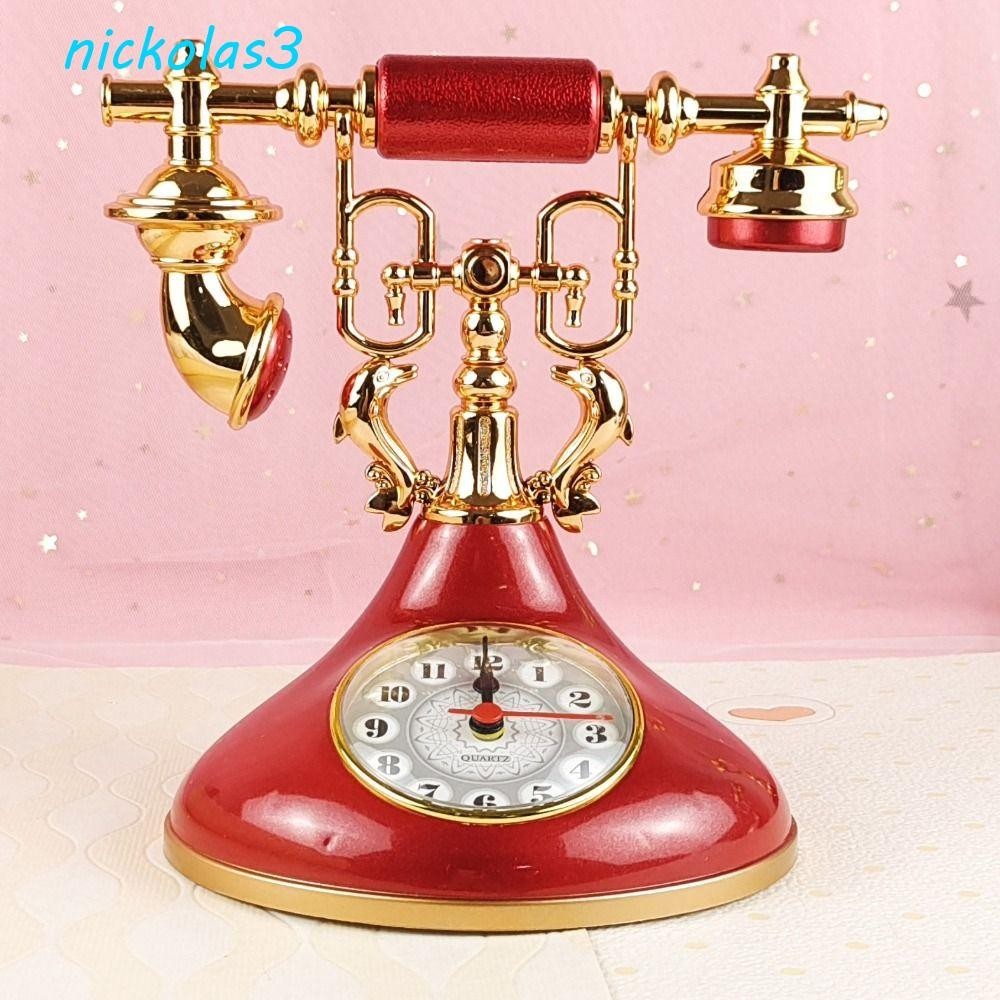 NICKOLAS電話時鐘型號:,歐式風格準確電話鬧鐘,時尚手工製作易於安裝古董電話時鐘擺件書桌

==================================================

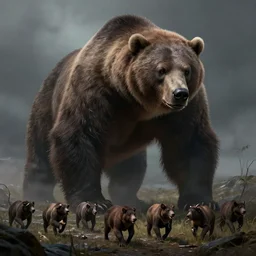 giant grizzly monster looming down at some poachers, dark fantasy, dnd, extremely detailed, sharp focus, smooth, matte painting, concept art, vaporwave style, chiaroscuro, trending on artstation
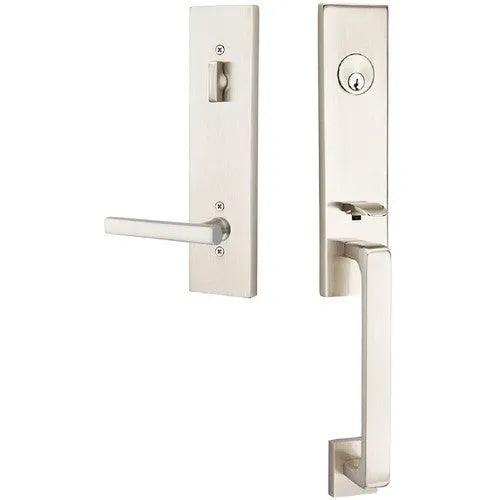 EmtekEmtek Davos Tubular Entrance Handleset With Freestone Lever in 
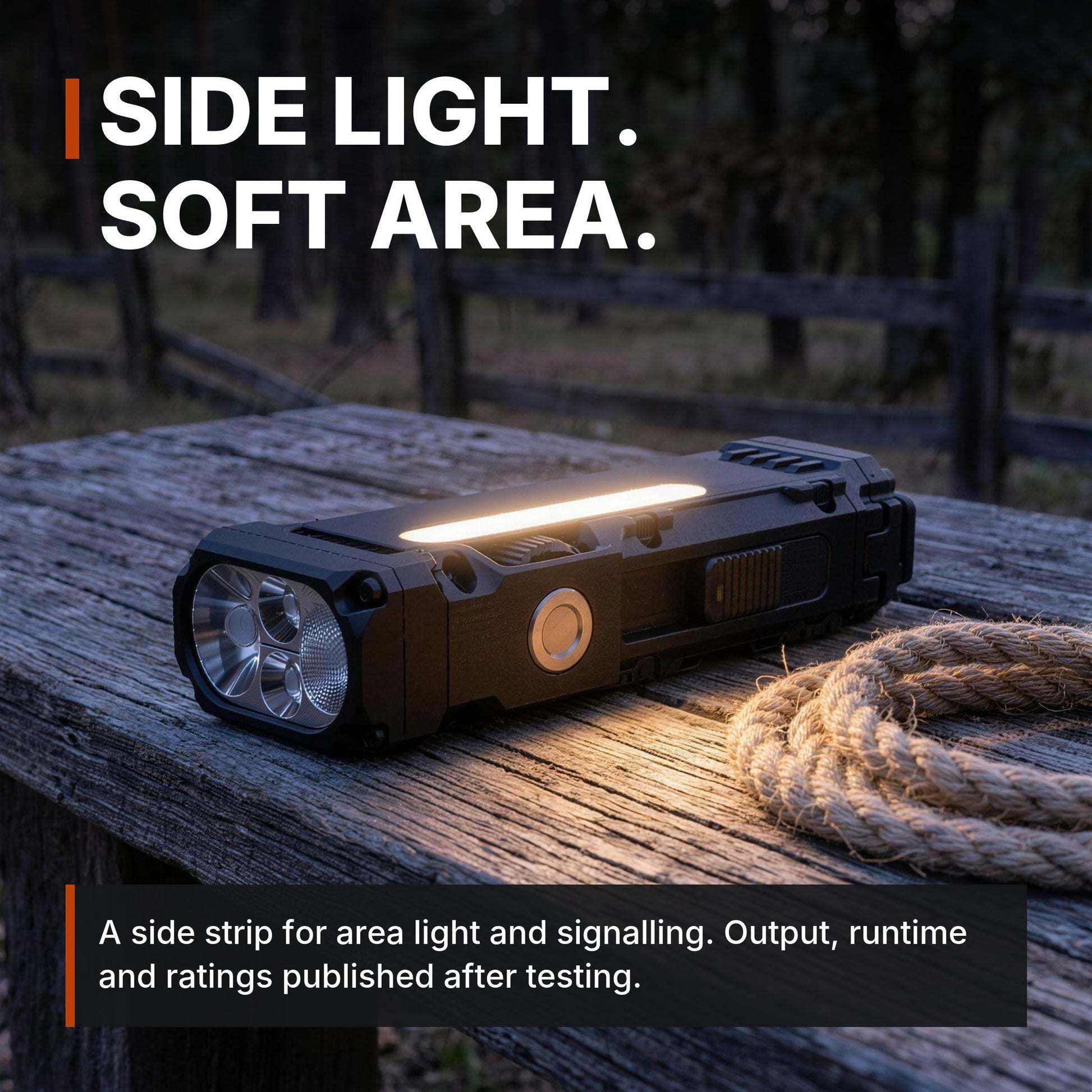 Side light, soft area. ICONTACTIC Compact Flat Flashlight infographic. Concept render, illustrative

==================================================

Problem:
From the records above, copy only the lines running from the line containing "giant grizzly monster" to the line containing "EmtekEmtek Davos Tubular", both ends included. Leave the pictures out.

Answer to this task:
 giant grizzly monster looming down at some poachers, dark fantasy, dnd, extremely detailed, sharp focus, smooth, matte painting, concept art, vaporwave style, chiaroscuro, trending on artstation
 EmtekEmtek Davos Tubular Entrance Handleset With Freestone Lever in 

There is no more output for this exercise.